Among the information, the viewing angle, focal length, and depth of field follow the fixed specifications of the endoscope lens (i.e., endoscope camera). Therefore, in order to determine a target area to be represented in augmented reality within the medical image data, position and direction information of the endoscope 50 should be obtained in real time.


According to an embodiment of the present invention, the endoscope tracking unit 110 may track the position and direction of the endoscope 50 via a separate endoscope tracking device. However, according to another embodiment of the present invention, the endoscope tracking unit 110 may track the position and direction of the endoscope 50 by comparing the endoscopic image and the medical image data. More specifically, the endoscope tracking unit 110 tracks the position and direction of the endoscope 50 by comparing a normal map based on an endoscopic image with plural candidate normal maps based on medical image data. The normal map maybe represented as two dimensional projection data of surface information of the search area.


Referring to FIG. 4, the endoscope tracking unit 110 may include a first normal map generator 112, a second normal map generator 114, and a normal map comparator 116. First, the first normal map generator 112 obtains an endoscopic image and generates the first normal map Mreal using the obtained endoscopic image. In general, an endoscopic image includes a spotlight type light source that is easy to find the direction of the light. In addition, the inside of the human body, which is observed by the endoscope, does not have a separate light source, and contains a lot of reflective saliva on the surface. As a result, the endoscopic image may maximize effects of highlight and shade. Therefore, according to an exemplary embodiment of the present invention, the first normal map generator 112 may analyze the intensity of light in the obtained endoscopic image to generate the first normal map Mreal in which the surface information of the three-dimensional search area is projected to the two-dimensional form. The first normal map Mreal generated by the first normal map generator 112 is transferred to the normal map comparator 116.
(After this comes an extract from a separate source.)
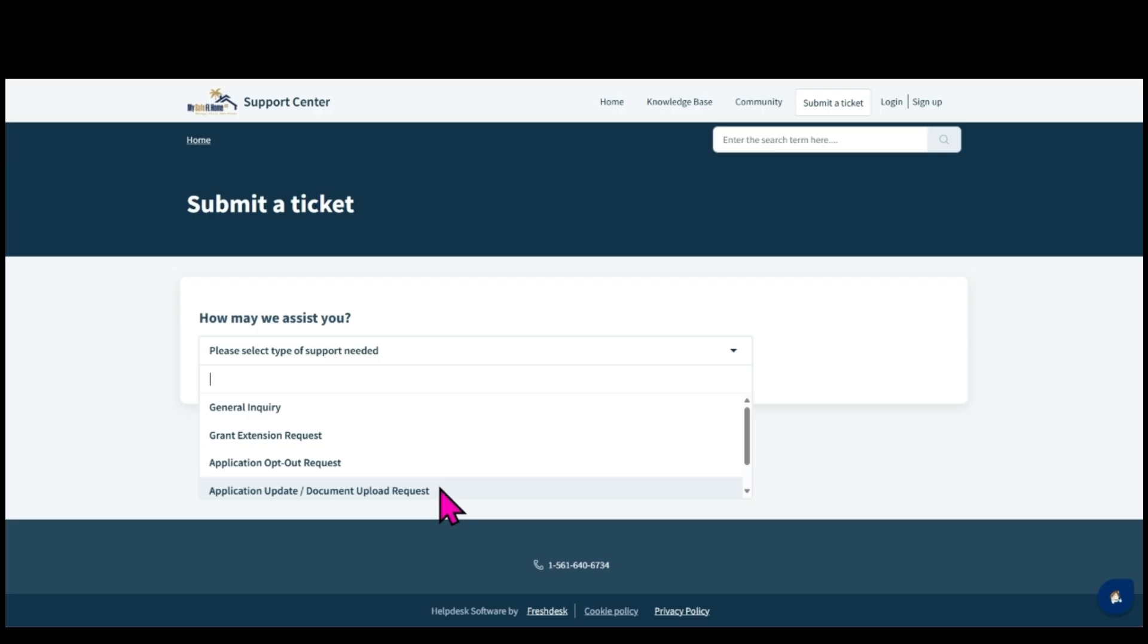Select the application update document upload request form if requesting an update of information in your case or if you have documents to upload to your case.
FIG. 5 illustrates an endoscopic image and a normal map generated using the same. FIG. 5(a) shows an endoscopic image obtained from the endoscope 50, and FIG. 5(b) shows a normal map generated using the endoscopic image. As shown in FIG. 5(a), the endoscopic image may clearly show highlights and shades on the curved surface. Accordingly, the medical image processing apparatus 10 of the present invention may generate a normal map as shown in FIG. 5(b) by analyzing the endoscopic image.
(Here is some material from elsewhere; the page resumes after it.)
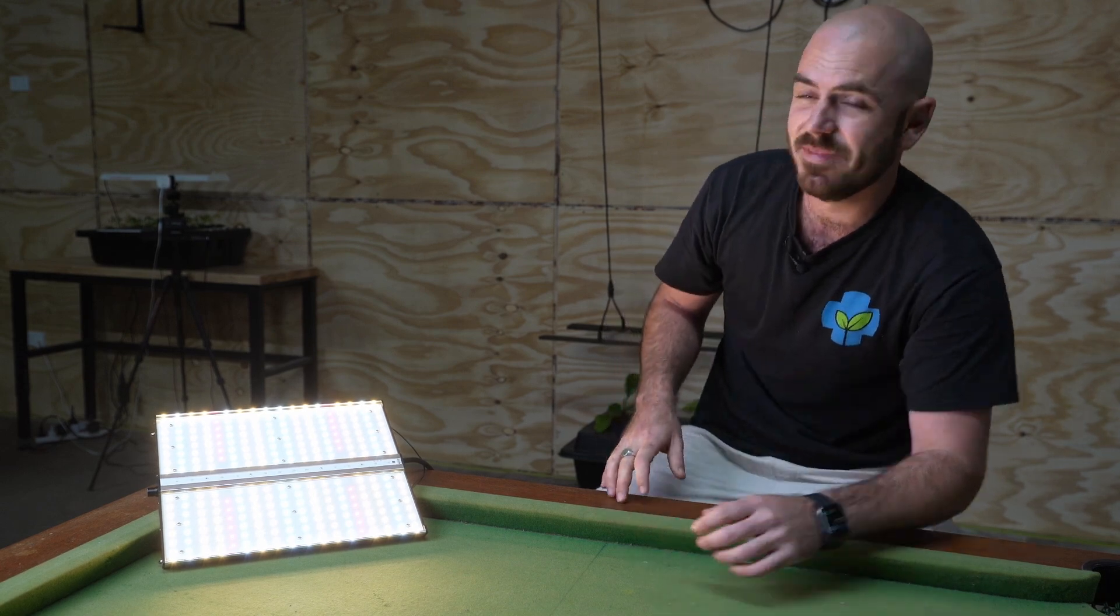Okay, well, happy hydroponicking and I'll see you next time on Who Chose.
According to a further embodiment of the present invention, an endoscopic image to which structured light or patterned light is applied may be used to generate a more accurate first normal map Mreal. In this case, the first normal map Mreal is obtained based on the reflection information of the structured light or the patterned light with respect to the search area of the object.


Returning to FIG. 4, the second normal map generator 114 obtains plural second normal maps Mvirtual from the medical image data. The user may determine the searching path of the endoscope for the medical image data in advance and store the information. According to an embodiment of the present invention, the second normal map generator 114 may divide the predetermined endo scope searching path by predetermined interval and generate a virtual endoscopic image corresponding to each divided point. The second normal map Mvirtual is obtained by using the virtual endoscopic image. The second normal map Mvirtual may be obtained from medical image data based on the position and direction information of the virtual endoscope (e.g., position and direction information of the virtual endoscope camera) with regard to the object. In this case, the direction information of the virtual endoscope may be determined based on a straight line connecting the start point (or a previous position) of the path of the virtual endoscope with the current position of the virtual endoscope. However, even if the virtual endoscope has the same position and the direction vector Vview, plural second normal maps Mvirtual are required in consideration of the rotation of the virtual endoscope in reference to the direction vector Vview. Therefore, according to an embodiment of the present invention, plural second normal maps Mvirtual may be generated according to predetermined angular interval with respect to one point may be obtained. The second normal map Mvirtual generated by the second normal map generator 114 is transferred to the normal map comparator 116.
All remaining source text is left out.